Ada sebuah penggalan kisah dalam epos Ramayana yang cukup menarik untuk kita renungi, yaitu manakala Sugriwa menantang Subali dan keduanya bertarungmen dengan seru, akan tetapi Sugriwa kalah dan melarikan diri. Dengan kecewa, Sugriwa bertanya, mengapa Sri Rama tidak membantunya. Sri Rama berkata bahwa sulit membedakan dua saudara yang sedang bertempur dan menyarankan agar dalam pertempuran selanjutnya Sugriwa memakai kalung bunga sebagai penanda diri.
Sugriwa kembali menantang Subali dan kembali terjadi pertarungan seru. Kali ini Sri Rama membidikkan panahnya dan Subali terpanah. Dalam keadaan luka, Subali teringat nasihat almarhum ayahnya agar dirinya ikhlas menerima kematiannya oleh seorang Awatara Wisnu. Subali bertanya pelan, “Wahai Sri Rama, mengapa seorang awatara membunuh seorang kera dari belakang, tidak berhadapan muka? Padahal saya tidak pernah punya permasalahan dengan paduka. Saya mohon penjelasan!”

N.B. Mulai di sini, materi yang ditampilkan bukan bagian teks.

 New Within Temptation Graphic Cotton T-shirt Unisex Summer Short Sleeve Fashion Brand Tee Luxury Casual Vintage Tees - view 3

Pertanyaan Subali, adalah pertanyaan kita, mengapa kita yang tidak punya kaitan permasalahan dengan seseorang diperlakukan tidak adil oleh orang tersebut? Mungkin kita kurang beriman kepada ketetapan Tuhan. Tuhan telah menggunakan orang tersebut sebagai alat untuk meningkatkan kesadaran kita.

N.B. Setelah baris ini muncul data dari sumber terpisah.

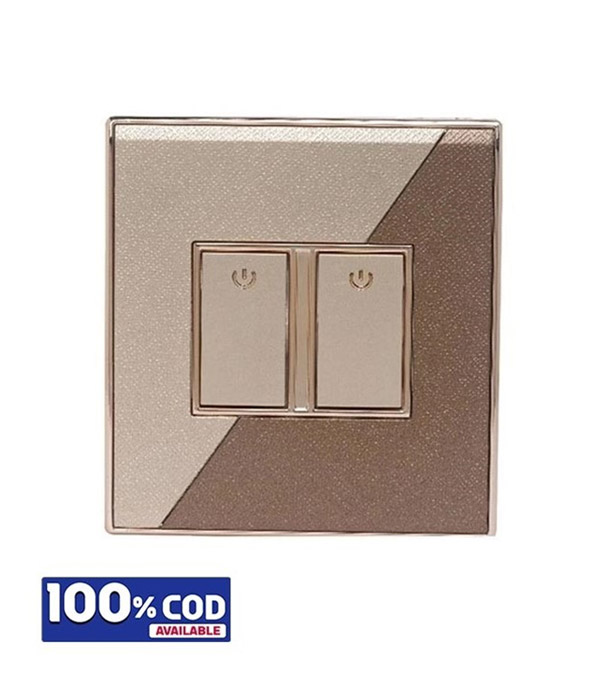 Picture of Click Marigold 2 Gang 1 Way Switch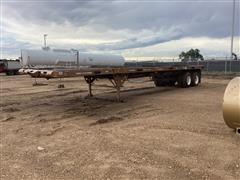 1981 Aztec T/A Flatbed Float Trailer W/Rolling Tailboard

Sri Rama menjawab, “Para raksasa mengganggu para resi di hutan, dan aku tanpa minta ijin Bharata membasmi para raksasa. Melihat tindakan adharma para raksasa, aku langsung menjalankan dharma dengan tegas. Teladanilah Jatayu, dia paham bahwa dia akan kalah dan mati melawan Rahwana. Tetapi dia tidak membiarkan Rahwana menculik Dewi Sinta begitu saja, dia bertarung memperebutkan Dewi Sinta demi kebenaran. Sugriwa akan kalah bertarung melawan Rahwana, akan tetapi dia mengambil selendang yang dijatuhkan Dewi Sinta dan memberitahu ke mana Rahwana pergi. Kau lebih sakti dari Rahwana, dan kau tahu Dewi Sinta diculik dan terbang lewat istanamu, dan kau tidak peduli. Kau membiarkan ketidakbenaran berlangsung, padahal kau mampu menyelesaikannya. Renungkanlah!”
“Kau merasa aku tidak bertindak sesuai kepatutan, memanah dari belakang mereka yang sedang bertarung. Coba renungkan, apakah tindakanmu merebut tahta dan istri Sugriwa sesuai kepatutan?”
Subali sadar dan bersyukur atas penjelasan Sri Rama, di akhir hayatnya dia menyebut Rama…. Rama….. dan meninggal dunia.
Kita pun merasa hidup dalam masyarakat yang ruwet yang meninggalkan norma-norma kepatutan. Akan tetapi apakah kita sadar bahwa kita juga berbuat salah dengan ketidakpedulian kita pada waktu dahulu terhadap ketidakbenaran yang terjadi pada masyarakat kita?
“Bila menghadapi musibah, janganlah engkau berkeluh kesah, karena apa pun yang terjadi bukanlah tanpa alasan.”
Dengan pemahaman seperti itu, kita semua menjadi tenang dan dengan mudah memasuki alam kesadaran.
Berhentilah berkeluh kesah, karena apa saja yang terjadi, yang menimpa diri kita, semua itu memiliki makna. Kita memang harus menghadapi semua itu sebagai hasil dari sebuah karma atau perbuatan yang pernah kita lakukan baik secara sadar maupun tanpa kita sadari.